Friday, 29 March 2024, 01:56

gaulislam edisi 749/tahun ke-15 (27 Rajab 1443 H/ 28 Februari 2022)

Ini tentang kondisi kita, kaum muslimin. Termasuk kamu para remaja muslim. Suka atau duka, kitalah hari ini. Hari di mana kita harus mengakui apa yang menjadi ‘nasib’ kita. Apa adanya aja, sih. Why? Supaya kita bisa memperbaiki keadaan ini. Bukan malah “kapalang jeblog” alias terlanjur kotor, sehingga jadi alasan nggak mau berubah dari kondisi saat ini. Jangan berpikir begitu, ya Bro en Sis. Bahaya.

Umat Islam hari ini, sengaja dijadikan judul pada buletin kesayangan kamu ini. Ya, ini sih sebenarnya sebagai muhasabah kita. Introspeksi. Mengakui apa yang sedang terjadi pada kita kaum muslimin. Tentu ada kondisi baik dan kurang baik, bahkan buruk. Kalo udah tahu kondisinya, satu per satu bisa kita coba perbaiki kondisinya. Tujuannya, tentu kita ingin baik-baik saja. Iya, kan?

Itu sebabnya, kita coba nilai dengan jujur, apa yang sedang terjadi saat ini. Meski kamu sebagai remaja, tetapi diharapkan level berpikirmu juga meningkat, lho. Buang jauh-jauh imej bahwa kalo remaja itu masanya bebas berbuat apa saja sesuka hati dengan fokus pada diri sendiri, dan nggak boleh memikirkan urusan orang lain, apalagi umat ini. Wah, kalo masih beranggapan begitu, berarti cara berpikirnya masih keliru. Justru di masa remaja ini, harus terus dilatih dan diarahkan dengan cara berpikir yang benar dan baik, sesuai tuntunan Islam. Harus, itu.
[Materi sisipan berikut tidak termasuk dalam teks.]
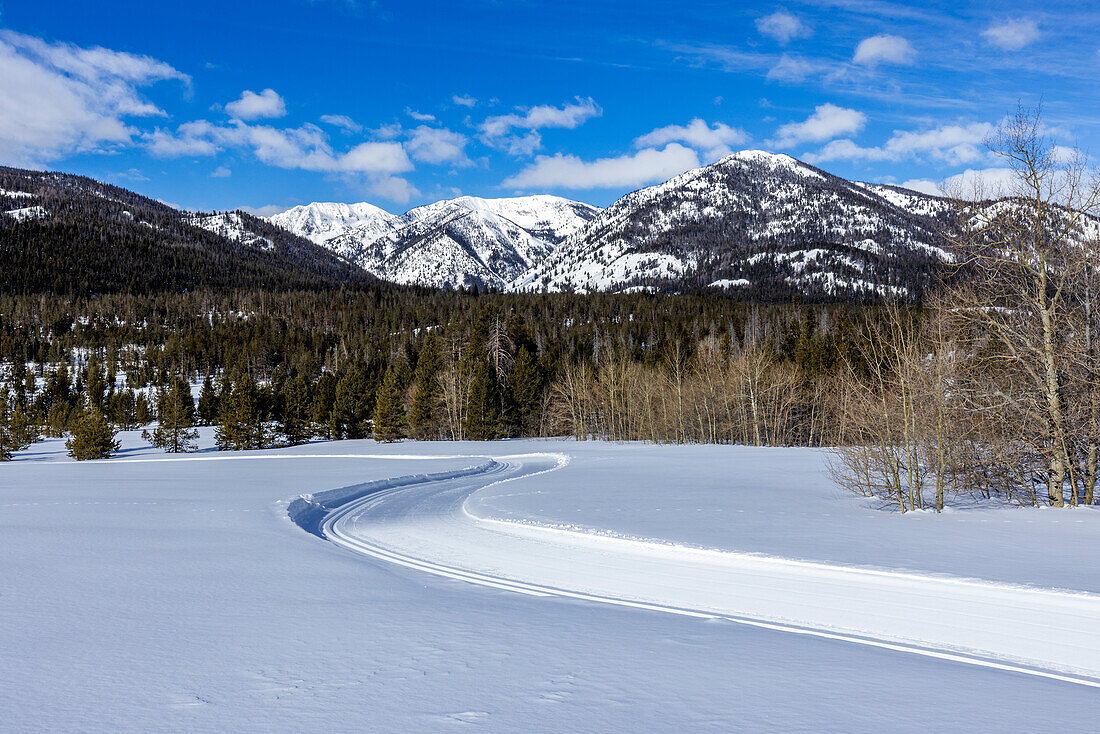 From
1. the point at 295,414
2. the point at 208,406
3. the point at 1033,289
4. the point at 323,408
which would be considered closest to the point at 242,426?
the point at 295,414

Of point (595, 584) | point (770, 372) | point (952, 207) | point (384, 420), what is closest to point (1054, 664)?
point (595, 584)

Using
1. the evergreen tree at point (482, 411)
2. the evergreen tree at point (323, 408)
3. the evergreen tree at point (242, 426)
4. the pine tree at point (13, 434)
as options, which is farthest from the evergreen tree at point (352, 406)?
the pine tree at point (13, 434)

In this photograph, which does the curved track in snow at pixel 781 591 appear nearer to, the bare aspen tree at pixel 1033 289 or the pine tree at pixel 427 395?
the bare aspen tree at pixel 1033 289

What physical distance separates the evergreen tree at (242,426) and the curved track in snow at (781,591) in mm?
57614

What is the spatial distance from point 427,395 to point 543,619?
200ft

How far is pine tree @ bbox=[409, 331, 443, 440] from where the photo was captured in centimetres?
6662

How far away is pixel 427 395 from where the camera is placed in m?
67.5

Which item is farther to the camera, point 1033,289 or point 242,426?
point 242,426

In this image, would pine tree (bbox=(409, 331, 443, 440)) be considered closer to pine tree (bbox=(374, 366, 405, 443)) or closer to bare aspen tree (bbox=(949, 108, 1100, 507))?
pine tree (bbox=(374, 366, 405, 443))

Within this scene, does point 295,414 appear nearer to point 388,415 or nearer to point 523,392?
point 388,415

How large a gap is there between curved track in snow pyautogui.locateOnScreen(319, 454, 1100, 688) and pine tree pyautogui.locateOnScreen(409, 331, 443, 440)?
51.5 meters

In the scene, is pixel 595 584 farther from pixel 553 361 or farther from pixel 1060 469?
pixel 553 361

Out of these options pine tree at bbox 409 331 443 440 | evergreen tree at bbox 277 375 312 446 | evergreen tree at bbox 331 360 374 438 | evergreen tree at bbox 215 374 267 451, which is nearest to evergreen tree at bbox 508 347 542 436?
pine tree at bbox 409 331 443 440

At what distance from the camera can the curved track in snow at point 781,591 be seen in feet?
24.0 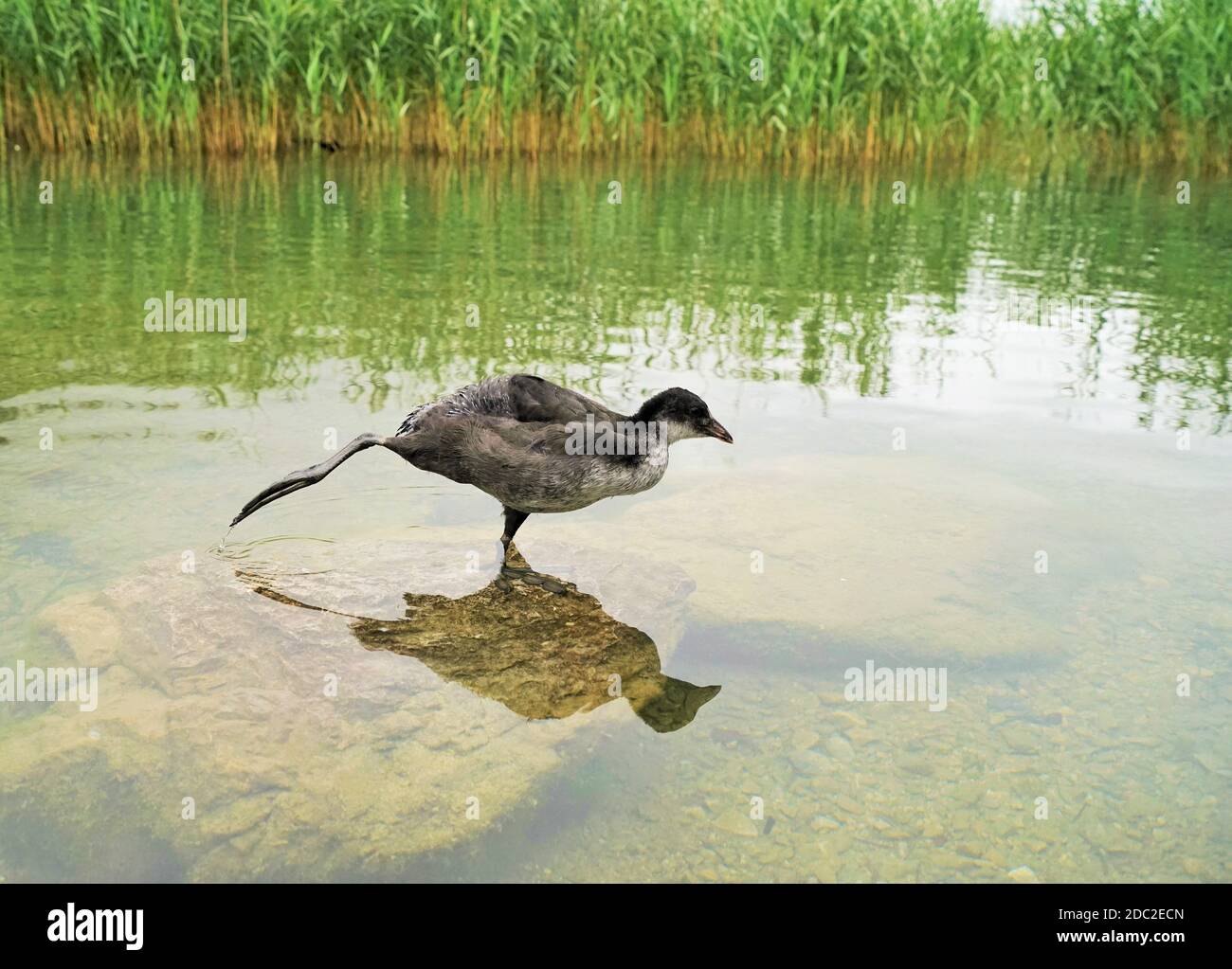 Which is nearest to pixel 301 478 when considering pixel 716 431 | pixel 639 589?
pixel 639 589

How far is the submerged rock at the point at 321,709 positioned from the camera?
9.67 ft

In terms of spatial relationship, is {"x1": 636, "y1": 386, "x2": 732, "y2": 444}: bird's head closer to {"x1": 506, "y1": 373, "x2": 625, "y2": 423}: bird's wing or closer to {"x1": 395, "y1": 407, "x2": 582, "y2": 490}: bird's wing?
{"x1": 506, "y1": 373, "x2": 625, "y2": 423}: bird's wing

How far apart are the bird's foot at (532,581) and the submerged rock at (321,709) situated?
5cm

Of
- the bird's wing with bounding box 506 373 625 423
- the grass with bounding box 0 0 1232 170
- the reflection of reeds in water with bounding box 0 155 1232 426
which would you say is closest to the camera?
the bird's wing with bounding box 506 373 625 423

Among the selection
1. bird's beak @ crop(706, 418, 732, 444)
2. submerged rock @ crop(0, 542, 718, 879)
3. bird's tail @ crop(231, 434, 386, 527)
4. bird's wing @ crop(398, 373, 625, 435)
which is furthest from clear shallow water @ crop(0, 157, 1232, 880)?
bird's wing @ crop(398, 373, 625, 435)

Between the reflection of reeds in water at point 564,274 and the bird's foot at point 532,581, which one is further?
the reflection of reeds in water at point 564,274

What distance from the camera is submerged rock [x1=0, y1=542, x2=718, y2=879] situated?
295 cm

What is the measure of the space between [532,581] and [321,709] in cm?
117

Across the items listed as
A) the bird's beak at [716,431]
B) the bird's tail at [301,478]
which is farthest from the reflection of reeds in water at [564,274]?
the bird's beak at [716,431]

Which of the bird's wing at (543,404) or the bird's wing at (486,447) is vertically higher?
the bird's wing at (543,404)

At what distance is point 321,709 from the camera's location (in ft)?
11.6

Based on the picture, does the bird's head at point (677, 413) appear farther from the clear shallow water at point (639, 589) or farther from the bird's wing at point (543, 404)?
the clear shallow water at point (639, 589) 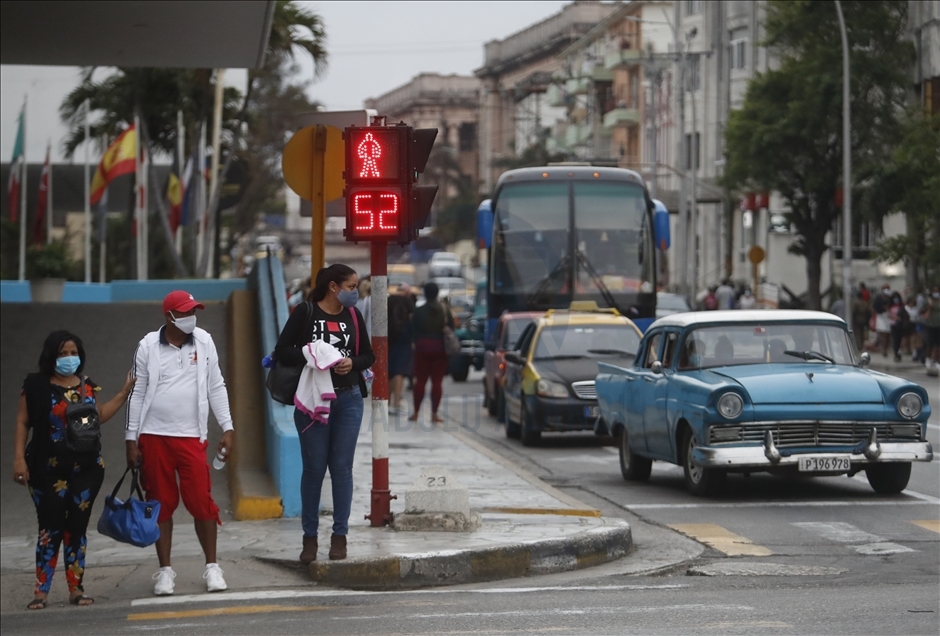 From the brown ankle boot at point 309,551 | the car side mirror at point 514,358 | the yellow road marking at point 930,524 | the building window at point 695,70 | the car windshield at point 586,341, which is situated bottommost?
the yellow road marking at point 930,524

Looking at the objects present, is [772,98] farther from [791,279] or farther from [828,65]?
[791,279]

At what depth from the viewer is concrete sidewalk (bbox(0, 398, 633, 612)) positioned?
9375 mm

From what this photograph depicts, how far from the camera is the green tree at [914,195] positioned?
1447 inches

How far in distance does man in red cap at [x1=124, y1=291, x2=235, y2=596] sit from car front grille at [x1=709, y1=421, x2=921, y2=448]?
4.97 metres

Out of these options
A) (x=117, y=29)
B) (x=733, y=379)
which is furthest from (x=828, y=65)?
(x=733, y=379)

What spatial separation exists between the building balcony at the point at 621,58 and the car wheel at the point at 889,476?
64.1m

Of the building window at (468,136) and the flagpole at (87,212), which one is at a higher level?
the building window at (468,136)

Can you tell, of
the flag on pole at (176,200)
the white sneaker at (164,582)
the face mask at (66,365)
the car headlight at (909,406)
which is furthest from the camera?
the flag on pole at (176,200)

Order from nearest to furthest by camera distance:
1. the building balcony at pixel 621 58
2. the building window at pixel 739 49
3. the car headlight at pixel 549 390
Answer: the car headlight at pixel 549 390
the building window at pixel 739 49
the building balcony at pixel 621 58

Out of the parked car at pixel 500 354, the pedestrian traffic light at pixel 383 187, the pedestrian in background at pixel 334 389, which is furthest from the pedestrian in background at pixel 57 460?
the parked car at pixel 500 354

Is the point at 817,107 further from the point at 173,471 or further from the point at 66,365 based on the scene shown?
the point at 66,365

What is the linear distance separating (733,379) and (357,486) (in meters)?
3.45

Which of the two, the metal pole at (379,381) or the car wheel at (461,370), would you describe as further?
the car wheel at (461,370)

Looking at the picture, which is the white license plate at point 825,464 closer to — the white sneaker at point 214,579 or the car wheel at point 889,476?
the car wheel at point 889,476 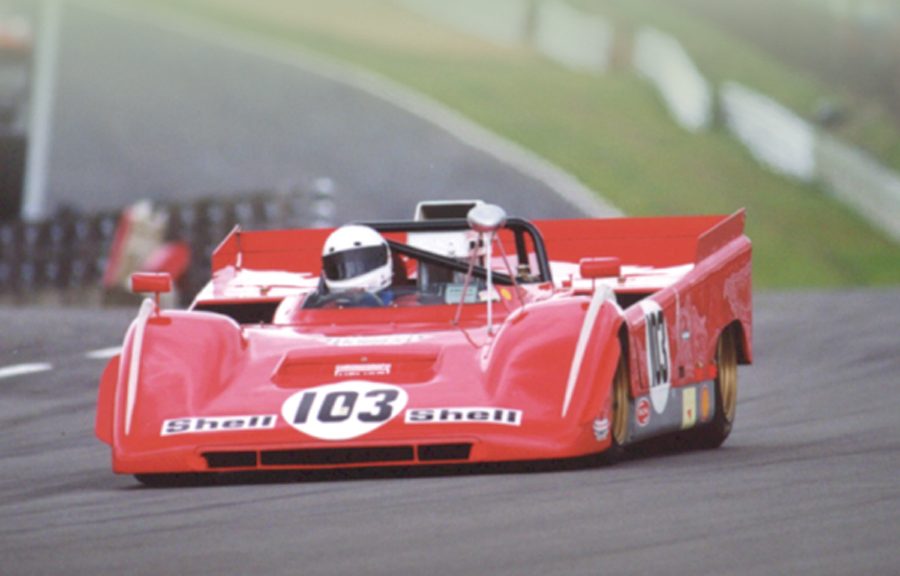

Sobat gaulislam, apa aja sih problem yang sedang kita hadapi? Lalu, apa solusinya agar bisa lepas dari problem ini? Bagaimana cara pandang yang benar atau masalah yang mendera kaum muslimin, termasuk di dalamnya para remaja muslim? Ini perlu mendapatkan jawaban, dan solusinya.

Oke, kita coba bahas pelan-pelan dan nggak semuanya langsung sekaligus, ya. Berat. Sebab, kalo mau dirunut ya banyak banget masalahnya. Namun, untuk dibahas dalam buletin ini, kita batasi aja biar nggak melebar ke mana-mana dan malah nggak tuntas karena saking banyaknya.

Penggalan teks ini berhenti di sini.